Arrows of Love

REVIEW: Arrows of Love - PRODUCT

Will Shenton

It's probably an understatement to say that London five-piece Arrows of Love's latest record, PRODUCT, opens on an ominous note. Embracing its unvarnished title, "Theme Tune To A Japanese B-Movie Horror" features a single, heavily distorted guitar that winds its way through unresolved dissonance before fading slowly into a screeching echo. It's a simple but effective way to set the tone of the album, serving as a sort of airlock between our world and the cacophonous, anarchic one we're about to enter.

Like all great post-punk, grunge, and metal (the three genres from which Arrows of Love most heavily draw), PRODUCT is loud. With the exception of a few tracks that quiet things down for the sake of pacing or building atmosphere, shrieking distortion and propulsive drums comprise the album's backbone. The result is an aesthetic that casts our world in a foreboding pallor, as if malicious forces conspire and lurk around every corner—perhaps most literally on "Signal," as the lyrics describe fighting off a monster with a dwindling supply of bullets.

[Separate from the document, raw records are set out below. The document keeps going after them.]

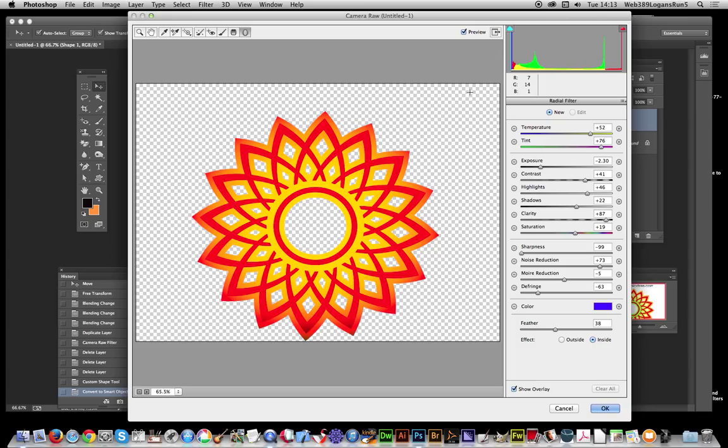So it's a great little filter, certainly one that you should really look at for modifying shapes as well as images. Very useful. I hope you found this tutorial of interest. Thank you very much.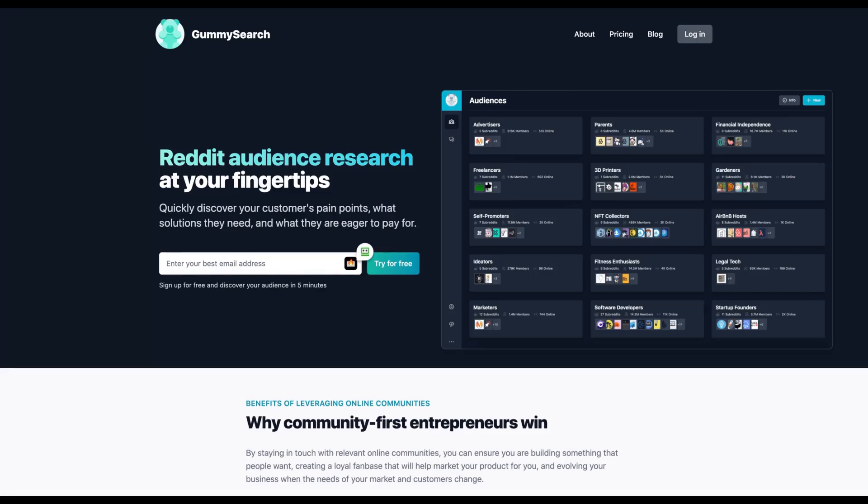Guys, Igor here doing one more review, analyzing Gummy Search, a tool that is receiving a lot of buzz on the Internet because it's really well done. And the idea of social listening to solve problems and to find information that will make your business grow is amazing.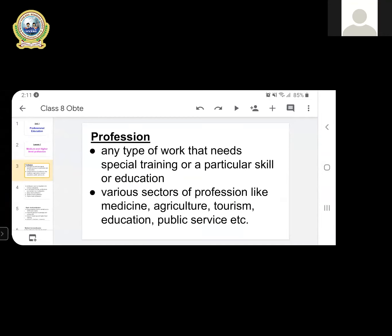Any type of work that needs special training, a particular skill, or education is a profession. There are various sectors of profession like medicine, agriculture, tourism, education, and public service. Medicine includes health assistants, nurse, staff nurse, and doctor. Agriculture includes JTA. Tourism includes hotel work and nature guides. Education includes teachers and the education ministry. Public service includes government jobs like section officer.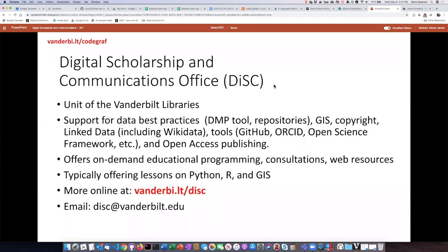Our office provides support for a lot of different data best practices — things like GIS, copyright, open access publishing. We also provide consultations and on-demand programming, as well as web resources such as this one.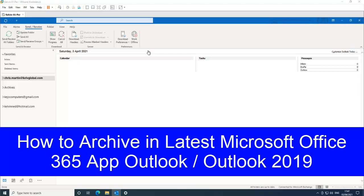Welcome to my YouTube channel. My name is Kelvin Johnson. In this short video, I'm going to show you how to archive in Microsoft Outlook or Microsoft 365 Outlook.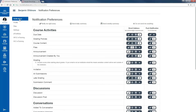Here is where you will follow your instructor's directions and select the priority in which you receive notifications. Canvas has a wide variety of ways to receive these notifications, so you can be notified right away with the check mark, sent daily summaries with the clock, the calendar will send you a weekly summary, and the X means you will not receive any notifications whatsoever.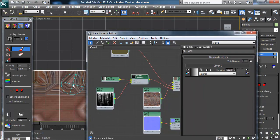So a few techniques there — hopefully you got a better understanding of decals and a few different ways of using them: either as multi sub-objects, simply preventing tiling, or using vertex paint to mask off the bits you want. Okay, thanks for watching, bye!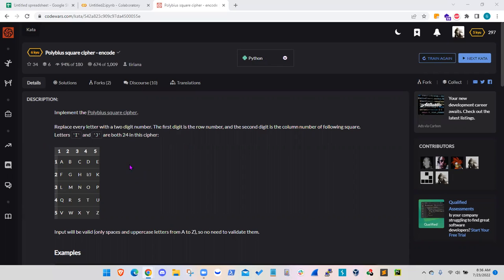Here we have a new lab called Polybius Square cipher. Basically, we are given the English alphabet letters from A to Z and we put them inside a table. The row numbers and column numbers will be the cipher for encoding. For uppercase A, row number is 1, column number is 1, so the cipher will be 11. For Z, row number is 5, column number is 5, so the cipher will be 55.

At times dark and sludgy ("Beast," "Come With Me"), and at others melancholy and introspective ("Desire," "Parts That Make the (W)hole"), PRODUCT maintains an unrepentant catharsis throughout. Even the most downtempo tracks (a decidedly relative classification) build to explosive climaxes, seemingly framing the album's subtitle, Your Soundtrack To The Impending Societal Collapse, as something to be resisted with indignant rage.

It's that refusal to sit back and accept the hand you're dealt that really defines Arrows of Love's attitude. Their blunt, often spoken-word lyrical delivery is approachable and candid, eschewing frills and melodies in favor of visceral urgency. It's easy to imagine the band standing on their table in a pub, delivering half-shouted polemics against the status quo to a room full of fed-up regulars.

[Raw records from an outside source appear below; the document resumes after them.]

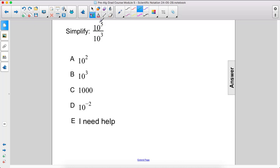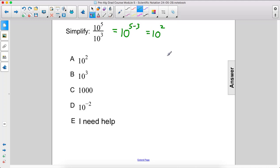All right, so since both of these terms have the same base, we can rewrite this like this. We write the base again, but then we just subtract the exponents: 5 minus 3. So that is 10 to the second power, which is right here, a. And we could have also written it as 100, which is standard form.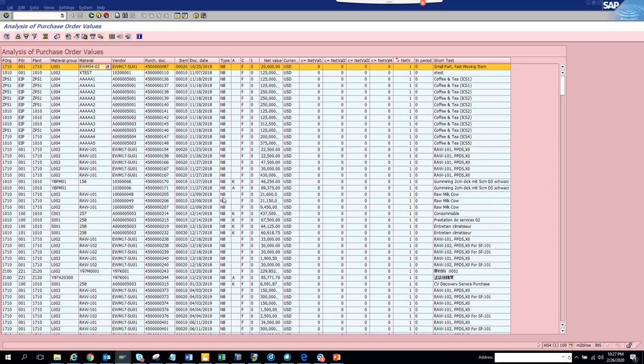Here it also shows the vendor, it shows the material, material group, the plants, purchasing group, purchase organization, the doc type. These are very important stuff that you can utilize and probably cut some deals with correct vendors so you can get a discount and even the vendor can make some money by giving to regular customers.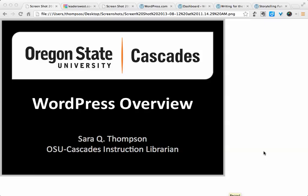Hi, I'm Sarah Thompson, the OSU Cascades instruction librarian, and today we're going to talk about using WordPress for portfolios while you're in college.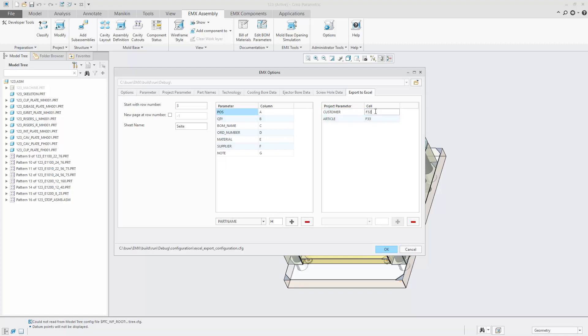Project parameters can be exported to a defined cell. You can also set up the row number where EMAX starts printing the bill of material lines.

One of the standout tracks on PRODUCT, "Beast," embodies this more directly than the rest of the album. Something of a thesis in its own right, the breakdown before the final, frenzied chorus indicts us for our passivity in the face of injustice:

"We've seen the shit that's going on out there / It's fucked! / So be depressed, you've every right to be / It would not be normal if you weren't / But the question is / If it's gonna knock you down / Are you just gonna lie there / Or are you gonna get up and throw some stones?"

After spending the better part of an hour with Arrows of Love, that should be an easy one.